The software output reports a 95% confidence interval for µY for a latitude of 40 degrees north (first row) and 28 degrees north (second row). The average latitude of the 49 states in the data set is 39.533 degrees north. The output tells us:

  • We can be 95% confident that the mean skin cancer mortality rate of all locations at 40 degrees north is between 144.6 and 155.6 deaths per 10 million people.
  • And, we can be 95% confident that the mean skin cancer mortality rate of all locations at 28 degrees north is between 206.9 and 236.8 deaths per 10 million people.

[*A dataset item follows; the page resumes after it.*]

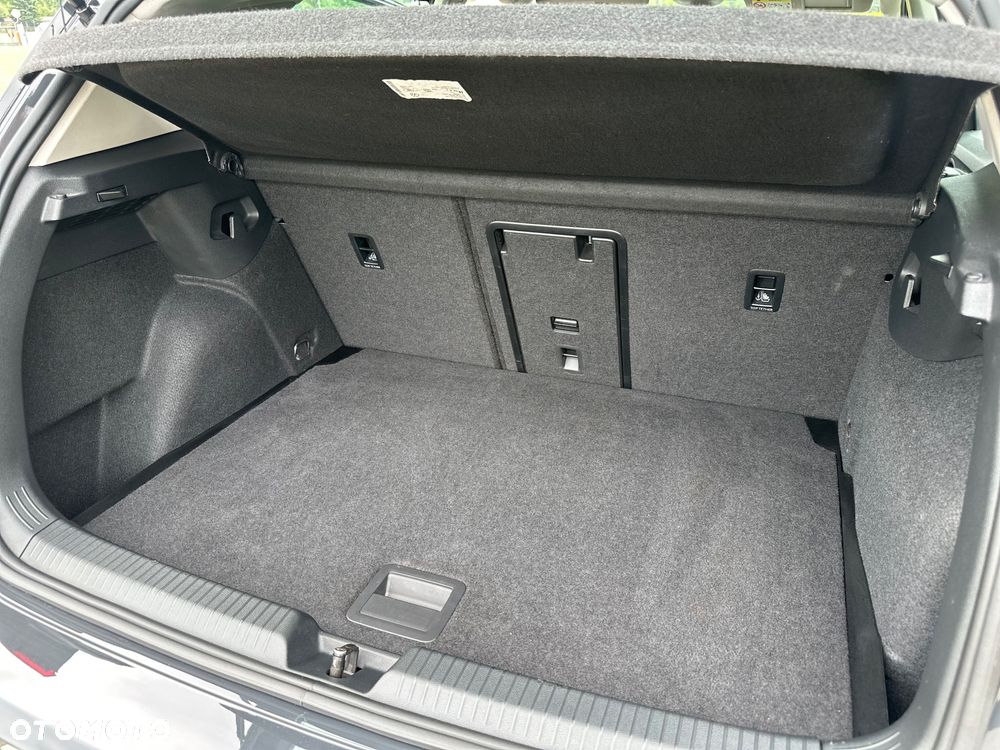Volkswagen Golf 1.5 eTSI mHEV Special Edition DSG - 22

The width of the 40 degree north interval (155.6 - 144.6 = 11 deaths) is shorter than the width of the 28 degree north interval (236.8 - 206.9 = 29.9 deaths), because 40 is much closer than 28 is to the sample mean 39.533. Note that some software is kind enough to warn us that 28 degrees north is far from the mean of the sample's predictor values.

When is it okay to use the formula for the confidence interval for µY?

One thing we haven't discussed yet is when it is okay to use the formula for the confidence interval for µY. It is okay:

  • When xh is a value within the range of the x values in the data set — that is, when xh is a value within the "scope of the model." But, note that xh does not have to be one of the actual x values in the data set.
  • When the "LINE" conditions — linearity, independent errors, normal errors, equal error variances — are met. The formula works okay even if the error terms are only approximately normal. And, if you have a large sample, the error terms can even deviate substantially from normality.